17 avril 2008

Le marché du nom de domaine francophone

L’avantage du marché francophone du nom de domaine, c’est qu’il est en grand retard par rapport à l’ensemble de ses voisins.

Un paradoxe identifié dans cette précédente affirmation ?

Il est toujours préférable de voir les bons cotés d’une situation, qui aux premiers abords, semble négative.

En effet, le français est la quatrième langue parlée dans le monde avec plus de 400 millions de francophones, nous nous classons derrière l’anglais, le chinois et l’espagnol. Voici le premier potentiel identifié de développement.

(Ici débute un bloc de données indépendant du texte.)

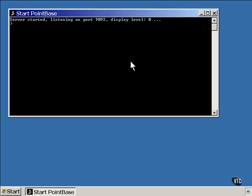For example, you can use the V command to check the version. In later lessons, we'll be dealing with programs that talk to the database.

Rapprochons-nous de la France en elle-même, avec ses 64 millions d’habitants et un taux de pénétration d’internet dans le pays égal à 54%, nous n’avons pas à rougir face à nos voisons allemands avec leurs 85 millions d’habitant et leur taux de 65%.

Pourtant, la propriété virtuelle n’est pas du tout perçue de la même manière outre-rhin. Avec 12 millions de .de enregistrés (il s’agit de l’extension allemande), 1 allemand sur 7 en moyenne est propriétaire. En France, avec 1 million de .fr enregistrés, seulement 1 français sur 64 a son .fr !
Autre comparaison révélatrice de notre retard, il y a autant de .ch enregistrés (extension suisse) que de .fr pour une population 10 fois moins importante.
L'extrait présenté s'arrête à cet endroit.